(Short descriptive text snippets)
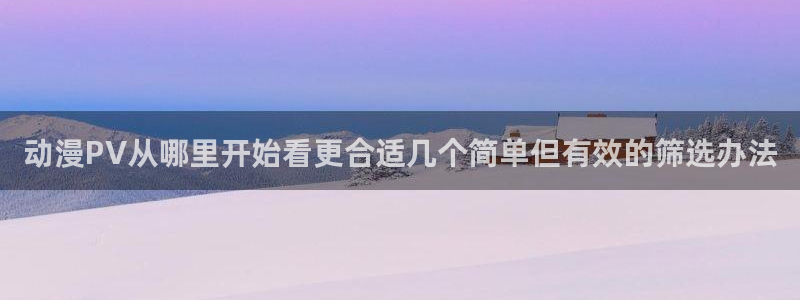 在线动漫
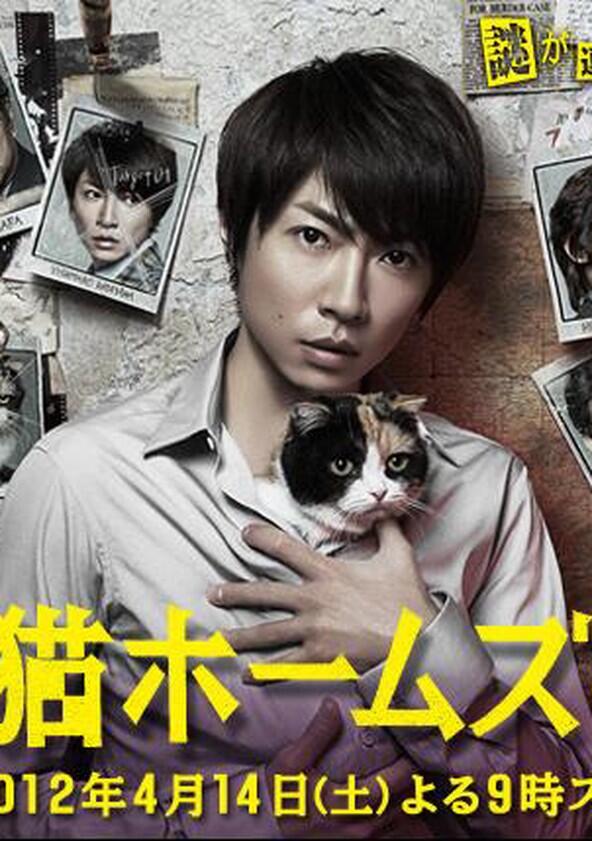 Mikeneko Holmes no Suiri - Season 1 Mikeneko Holmes no Suiri - Season 1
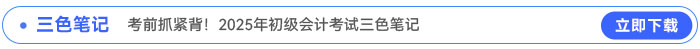 《初級會計(jì)實(shí)務(wù)》三色筆記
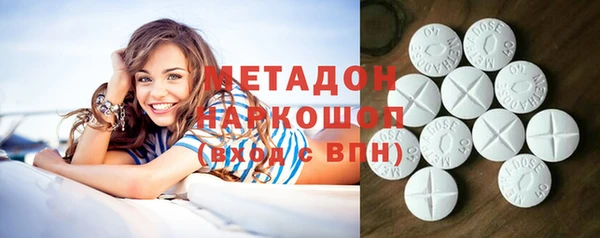Альфа ПВП Протвино
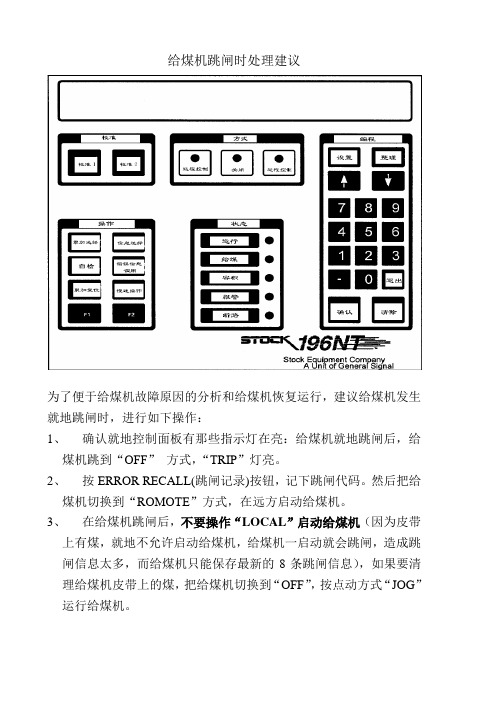 给煤机跳闸时处理建议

▶ _What is required_:
The reply has to reproduce every line above verbatim and contain no pictures.

▶ _Exercise output_:
 在线动漫
 Mikeneko Holmes no Suiri - Season 1 Mikeneko Holmes no Suiri - Season 1
 《初級會計(jì)實(shí)務(wù)》三色筆記
Альфа ПВП Протвино
 给煤机跳闸时处理建议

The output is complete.